Thursday, May 8, 2014

Online Course Reviews: The Data Scientist's Toolbox, and Getting and Cleaning Data, from Coursera's Data Science Specialization

I recently completed Coursera's The Data Scientist's Toolbox and Getting and Cleaning Data, two courses that form part of the online learning provider's new Data Science specialization, taught by Brian Caffo, Jeffrey Leek, and Roger D. Peng, biostatistics professors at Johns Hopkins University, and, in the cases of Leek and Peng, authors of the Simply Statistics blog. Both of the courses I took were taught by Jeff Leek (referred to in my earlier post today). I found Getting and Cleaning Data to be an especially useful course, teaching some practical skills that are quite essential to the real-world practice of data science. However, I probably wouldn't recommend the entire specialization to anyone coming from the world of quantitative research in academia, since a big focus of the program is teaching the scientific method and the logic of statistical inference—that is, things a quantitative social scientist should know already. First, however, a little background on Coursera's specializations....
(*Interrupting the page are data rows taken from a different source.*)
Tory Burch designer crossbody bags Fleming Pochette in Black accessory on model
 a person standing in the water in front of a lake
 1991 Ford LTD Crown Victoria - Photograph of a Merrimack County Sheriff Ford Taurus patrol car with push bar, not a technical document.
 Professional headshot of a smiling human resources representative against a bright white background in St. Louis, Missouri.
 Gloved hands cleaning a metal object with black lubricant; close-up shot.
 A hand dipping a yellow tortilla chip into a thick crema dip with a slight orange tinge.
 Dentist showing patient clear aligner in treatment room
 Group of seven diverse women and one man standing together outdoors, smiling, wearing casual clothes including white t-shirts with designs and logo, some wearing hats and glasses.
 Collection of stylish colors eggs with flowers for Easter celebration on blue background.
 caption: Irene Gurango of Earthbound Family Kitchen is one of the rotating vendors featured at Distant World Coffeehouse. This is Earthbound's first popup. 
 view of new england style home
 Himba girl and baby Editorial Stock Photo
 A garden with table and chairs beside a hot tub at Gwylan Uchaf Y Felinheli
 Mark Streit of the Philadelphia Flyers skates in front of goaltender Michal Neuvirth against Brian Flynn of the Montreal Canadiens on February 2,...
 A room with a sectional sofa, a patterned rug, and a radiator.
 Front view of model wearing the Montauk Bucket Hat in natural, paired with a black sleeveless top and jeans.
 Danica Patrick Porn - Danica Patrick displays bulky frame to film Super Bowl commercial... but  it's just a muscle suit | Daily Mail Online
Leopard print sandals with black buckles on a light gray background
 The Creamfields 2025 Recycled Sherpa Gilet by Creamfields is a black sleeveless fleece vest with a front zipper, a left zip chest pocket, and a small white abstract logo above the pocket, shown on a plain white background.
Coursera has recently introduced a handful of "specializations", each consisting of a series of short courses followed by a capstone project. The specializations continue Coursera's effort to monetize its offerings through the Signature Track, which offers a "Verified Certificate" for those who pay a fee (typically about $50-$100) to take the course.

The Signature Track in itself has dubious value. Allegedly, its purpose is to provide a more useful credential than the certificates Coursera has traditionally offered for its free classes. To make the Verified Certificate more useful (that is, more impressive to potential employers), Coursera takes measures to guarantee you did the work yourself, but these measures seem fairly easy to circumvent. Specializations add an additional sweetener: if you take every class in the specialization on the Signature Track, you can then take the capstone project (offered as an additional class), which is not available to students who take the courses for free (or even, for that matter, to students who pay for only some of the courses). Students completing the specialization also receive a specialization certificate.

The Data Science specialization includes 10 short (four-week) classes, including the capstone, each priced at $49 for the Signature Track. If you stump up the whole $490 at once, you can take any of the courses as many times as you like over the next two years (in case you don't pass the first time); if you pay for the courses one at a time, you can only retake each one once (which is probably enough—honestly, if you can't pass one of these classes, you probably don't belong in the profession, but sometimes life gets busy, and you can't finish the work for a class). Each of the first nine courses will be offered once a month; the first six are available already, and the remaining three will be offered for the first time in June. For a couple of the classes, there's also an option to substitute an alternate course on Coursera. The capstone has yet to be schedule (word in the forums has it that it'll be offered in fall), and I'm not sure how often Coursera plans to offer it.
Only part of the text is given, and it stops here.